#### Records supplied
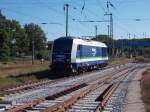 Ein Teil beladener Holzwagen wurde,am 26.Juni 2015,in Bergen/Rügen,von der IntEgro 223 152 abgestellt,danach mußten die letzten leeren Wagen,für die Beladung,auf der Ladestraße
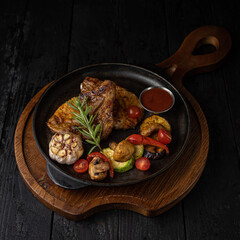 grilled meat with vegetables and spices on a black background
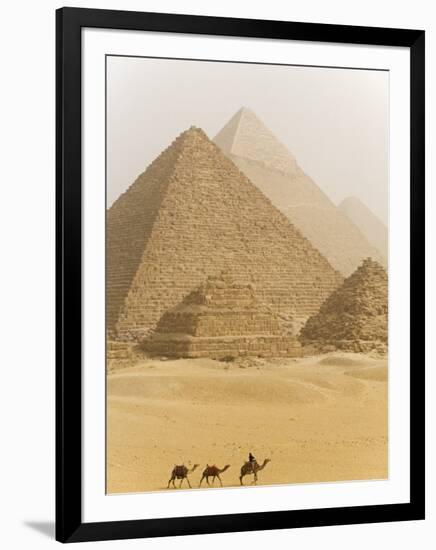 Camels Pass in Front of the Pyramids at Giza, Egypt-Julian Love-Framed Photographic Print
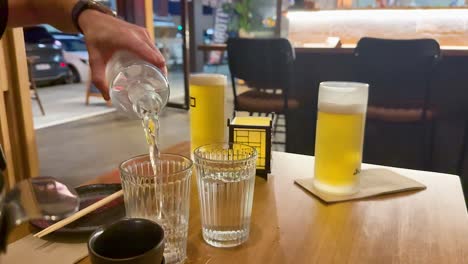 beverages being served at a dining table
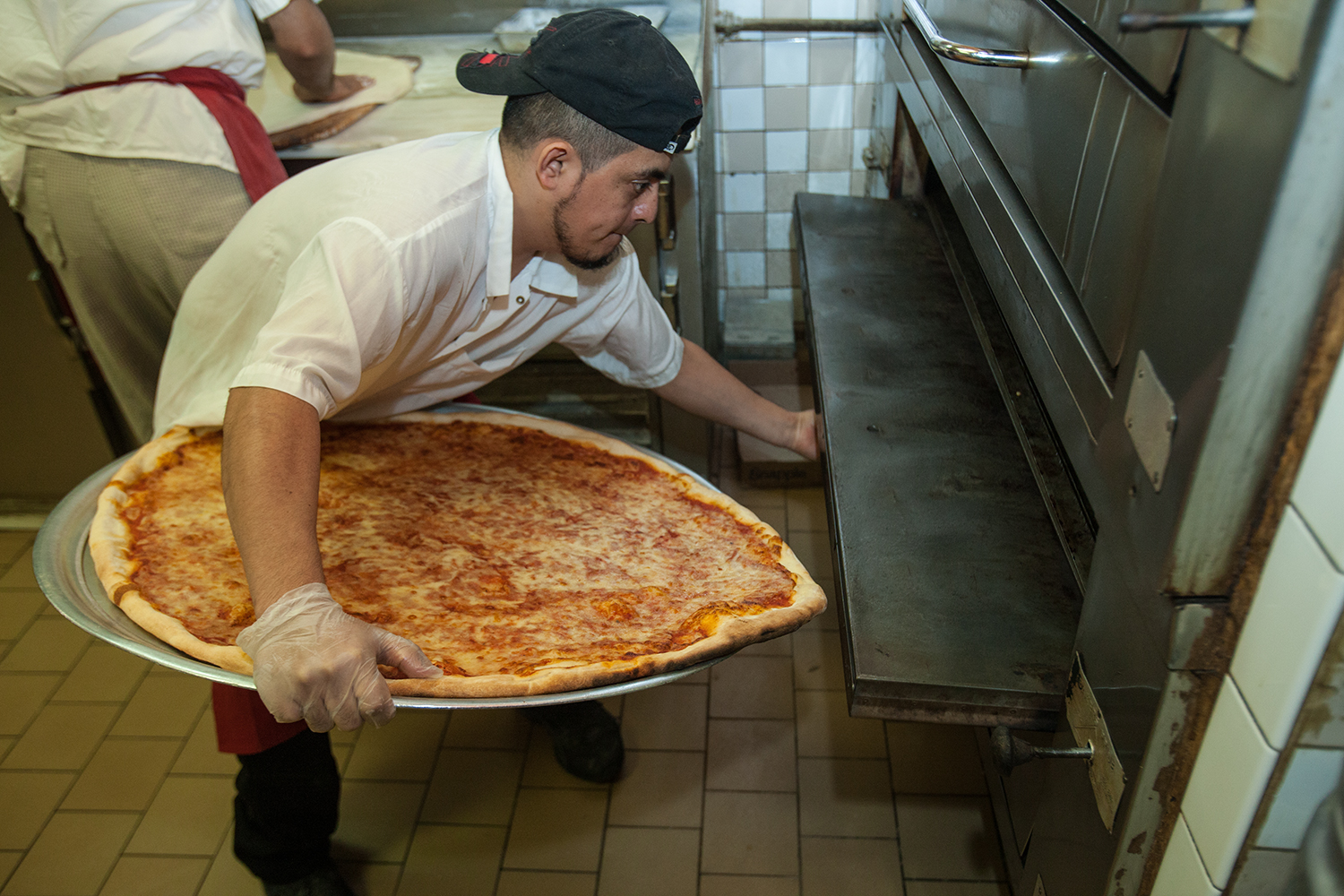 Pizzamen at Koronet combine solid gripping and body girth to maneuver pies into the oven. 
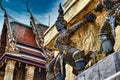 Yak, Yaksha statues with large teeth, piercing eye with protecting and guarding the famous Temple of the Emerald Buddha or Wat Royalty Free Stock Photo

---

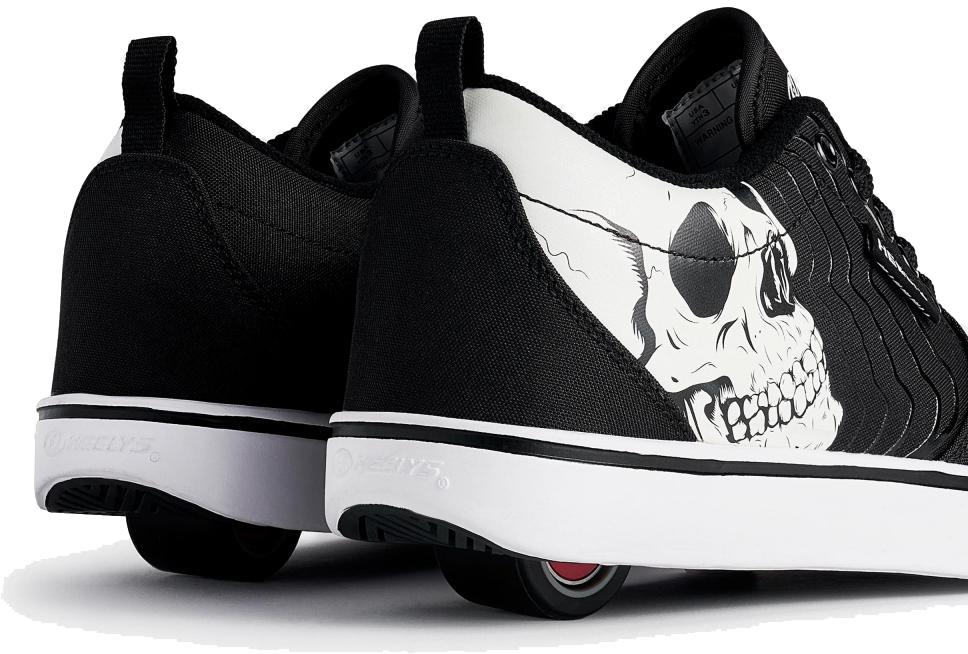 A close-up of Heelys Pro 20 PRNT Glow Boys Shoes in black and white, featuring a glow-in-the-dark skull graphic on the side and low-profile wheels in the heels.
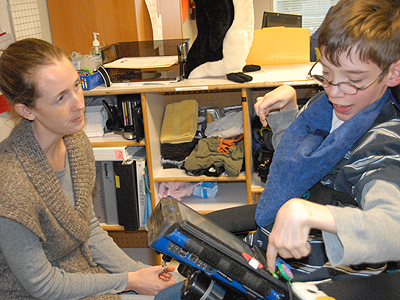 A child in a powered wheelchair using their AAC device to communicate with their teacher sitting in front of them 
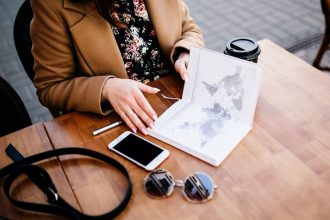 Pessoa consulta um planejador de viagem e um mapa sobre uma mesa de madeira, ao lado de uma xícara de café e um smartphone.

#### What is expected
Of the records above, print only the lines from the one containing "A close-up of" through the one containing "Pessoa consulta um", inclusive and unaltered, leaving out pictures.

#### Expected answer
 A close-up of Heelys Pro 20 PRNT Glow Boys Shoes in black and white, featuring a glow-in-the-dark skull graphic on the side and low-profile wheels in the heels.
 A child in a powered wheelchair using their AAC device to communicate with their teacher sitting in front of them 
 Pessoa consulta um planejador de viagem e um mapa sobre uma mesa de madeira, ao lado de uma xícara de café e um smartphone.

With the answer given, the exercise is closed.